Professor John Deanfield, director of the National Cardiovascular Outcomes Research Institute and lead author of the study, said the results showed the drug should be routinely prescribed to treat cardiovascular disease and that millions of people at across the UK could take it. medicines over the coming years.

“This fantastic drug is truly a game changer. This (study) suggests that there are potentially alternative mechanisms for improving cardiovascular outcomes with semaglutide beyond weight loss…There is clearly something else going on that benefits the cardiovascular system,” Deanfield said.

The study included 17,604 adults aged 45 and older with a body mass index greater than 27 from 41 countries. The participants, who had also previously suffered a cardiovascular event such as a heart attack, were prescribed either a weekly dose of 2.5 mg of semaglutide or a placebo for an average period of 40 months.

Of the 8,803 patients in the semaglutide group, 569 (6.5%) had a primary cardiovascular event, such as a heart attack, compared to 701 (8%) of the 8,801 patients in the placebo group.

Semaglutide under the brand name Wegovy has been prescribed for weight loss on the NHS since 2023.

Deanfield said that in the 1990s, statins – drugs that lower cholesterol – were considered a medical breakthrough and revolutionary in the treatment of cardiology practice, and he said semaglutide could be considered a revolution similar when it comes to improving cardiovascular health. “We now have a class of drugs that could also transform many of the chronic diseases of aging,” he said.

Professor Jason Halford, president of the European Association for the Study of Obesity, said that as the drug could improve cardiovascular health, it could be economically beneficial to prescribe it on a large scale.

“I think in the next ten years we will see a radical change in the approach to health care,” he said. “Once costs come down, the savings to the NHS will be significant. There are already people at the Treasury who are thinking about the savings that could be generated in the economy thanks to the possibility of increasing productivity. You need to make your workforce as fit as possible.

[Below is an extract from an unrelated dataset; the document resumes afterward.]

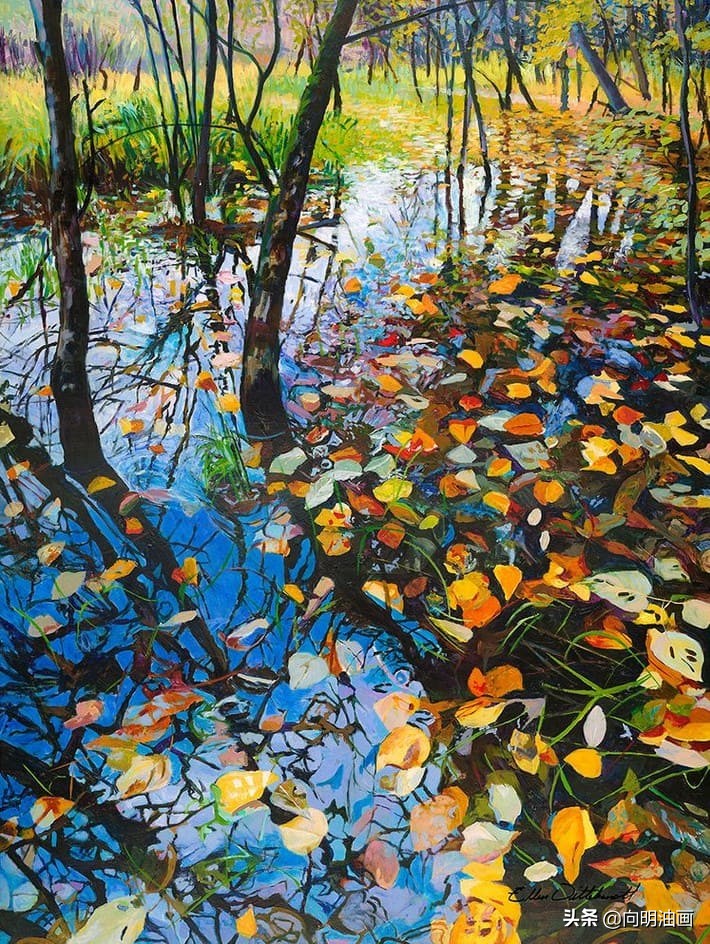 美国艺术家艾伦·迪特布兰特魔法森林的叶子沙沙作响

Around 7.6 million people in the UK live with heart or circulatory disease, according to the British Heart Foundation.

Another study based on the same clinical trial found that participants who received semaglutide lost an average of 10.2% of their body weight and 7.7cm of their waist circumference over a four-year period, while the placebo group lost 1.5% of their body weight and 1.3 cm of their waist circumference. cm from the waist.

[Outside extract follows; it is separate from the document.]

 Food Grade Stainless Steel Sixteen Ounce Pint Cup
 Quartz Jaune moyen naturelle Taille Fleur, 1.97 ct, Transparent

A separate study of a new weight-loss vaccine has found it could be much more effective than those already on the market. Retatrutide, a weekly injection, works by suppressing the appetite and also helping the body burn more fat, according to its phase 2 clinical trial.

The trial of 338 participants with obesity showed that participants lost 24% of their body weight over a 48-week period. Researchers say it is more effective for weight loss than Ozempic or Wegovy, which only work by suppressing the appetite.

Professor Naveed Sattar, from the University of Glasgow, who has worked on trials of other weight loss treatments, said: “Five or ten years ago we could never have imagined drugs that would cause this type of weight loss. The trial suggests that retatrutide still hasn’t plateaued, so it will likely cause more weight loss. If we give this drug even longer, I think it could reach almost 30% of a person’s body weight.